The Botswana Mine Workers Union and hundreds of Moolman Mining employees were last week left with limited options as the Labour Department ruled in favour of the mining company, in the ongoing retrenchment package debacle between the two.
An eight-hour mediation meeting between the two and labour officials on Tuesday came to naught as they could not come to a common understanding, and indications are that the matter will be forwarded for arbitration. But BMWU were done a damning blow when the mediator ruled in his advisory award that Moolman mining was in the right, thereby painting a gloomy picture for any chances of success for BMWU going forward.
BMWU and Moolman have for some time been embroiled in a bitter fight over retrenchment packages which started recently when the mining company embarked on a massive retrenchment exercise at its Mowana and Tati Nickel plants. BMWU feels that the retrenchment package that Moolman is offering its employees is a rip off and therefore initiated negotiations with the mining company. However, Moolman stuck to its guns and maintained that what it was offering the employees was enough, and BMWU had no option but to seek the intervention of the labor department.
By Friday last week, 177 of the targeted 400 employees were slapped with retrenchment letters.

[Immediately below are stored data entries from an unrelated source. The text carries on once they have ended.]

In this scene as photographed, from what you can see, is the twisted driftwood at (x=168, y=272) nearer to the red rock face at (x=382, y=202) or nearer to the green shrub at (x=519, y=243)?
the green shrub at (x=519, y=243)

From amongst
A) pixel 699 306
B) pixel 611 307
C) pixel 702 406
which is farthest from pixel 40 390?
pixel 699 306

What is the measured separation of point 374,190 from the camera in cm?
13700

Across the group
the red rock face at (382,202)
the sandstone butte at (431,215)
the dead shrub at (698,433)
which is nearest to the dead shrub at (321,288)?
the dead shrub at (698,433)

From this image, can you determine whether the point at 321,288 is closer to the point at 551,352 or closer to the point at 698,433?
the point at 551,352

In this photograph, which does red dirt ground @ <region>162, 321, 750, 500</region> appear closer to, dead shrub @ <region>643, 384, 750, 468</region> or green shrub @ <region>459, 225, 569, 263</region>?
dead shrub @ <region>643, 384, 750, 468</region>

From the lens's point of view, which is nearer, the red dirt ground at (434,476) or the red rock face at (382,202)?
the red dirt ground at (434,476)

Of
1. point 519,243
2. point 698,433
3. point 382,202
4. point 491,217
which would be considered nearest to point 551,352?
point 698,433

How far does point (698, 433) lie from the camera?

Speaking to The Sunday Standard on Friday BMWU’s Kealeboga Keakantse said that there are unconfirmed reports that the number might have exceeded the list of 177 that they had initially received from Moolman.
In a January 29th letter signed by Sean Stirling, Moolman management informed the employees that their positions have “become redundant” and therefore they “will be retrenched with immediate effect.”
In response, BMWU accused Moolman mining of unfair retrenchment as the mining company had failed to give the employees a reasonable notice of intention to retrench. The union felt that instead of slapping the unsuspecting employees with letters stating that they will be retrenched with immediate effect, the mining company should have given the employees at least three months notice of intention to retrench.
The union therefore felt that because of this mishap the mining company should pay the employees three months monetary compensation. Moolman management on the other hand felt that they had consulted the union, the commissioner of labor, and all employees and given them one month’s payment in lieu of notice. Moolman therefore maintained that they had acted in accordance with the processions of Section 25 of the Employment Act (CAP47:01) and with the provisions of the universal labour standards of the International Labour Organization.
In his advisory award, the mediator, Kebonyemodisa Lerothodi, said that Moolman’s retrenchment exercise was fair, justified, and valid in that it was sparked by the worldwide economic meltdown. He also said that several union and management consultative meetings were held regarding the intended retrenchment. However, he conceded that the two failed to come to a common understanding in all of the said meetings. At the crux of the matter is BMWU’s contention that Botswana’s Employment Act shortchanges the employee because it gives the employer the upper hand.
“The law states that in such consultations it is the duty of the employer to consult and not necessarily to negotiate. Basically the union and the employees can only be consulted but they cannot bargain,” said Keakantse.
“Management’s position was that the issue of retrenchment and separation of packages were consultative in nature while the union’s position was that the retrenchment is consultative and the issue of separation of packages was negotiable. I, therefore find that retrenchment of the affected employees was procedurally fair,” stated the mediator.
He also maintained that the retrenchment was lawful in that the affected employees were not only given notice of intention to retrench but also paid one months salary in lieu of notice.
In their retrenchment letters, Moolman offered employees one day’s basic pay for each month of continuous employment and one week’s pay for every year of continuous employment. BMWU on the other hand feels that the retrenchment package will benefit only a few of the employees while a majority of them walk away empty-handed.
BMWU’s Kealeboga Keakantse told The Sunday Standard earlier that most employees have been employed for less than a year and the decision by Moolman to award employees with one week’s pay for every year of employment will automatically disqualify them from benefiting. The union, therefore, demanded three weeks pay for every year of service or a minimum separation package of P 20 000, whichever is greater.
The mediator said that the disputing parties have not entered into a collective labour agreement regarding retrenchments. He also maintained that the Trade Dispute Act classifies such disputes as disputes of interest, which cannot be settled by a mediation process. He therefore advised the two parties to renegotiate and refer the matter to an arbitrator if they reach a stalemate.
For his part Keakantse accused the mediator of applying double standards as he was making partial rulings in a matter in which he maintains that he has no jurisdiction. “We are a bit confused here because the mediator maintains that he cannot make rulings on matters concerning disputes of interests and yet continues to make partial rulings on the very matter on which disputes of interest are an integral element,” he said.
On other issues the mediator advised that only employees who had been redeployed to Mowana be paid P750.00 as repatriation fee he also advised that the advisory award is not binding to either party to the dispute.
BMWU management is still to meet to chart the way forward. However, Keakantse expressed worry that even while the matter is still being negotiated, Moolman is continuing with their retrenchment process. Moolman management could not be reached for comment.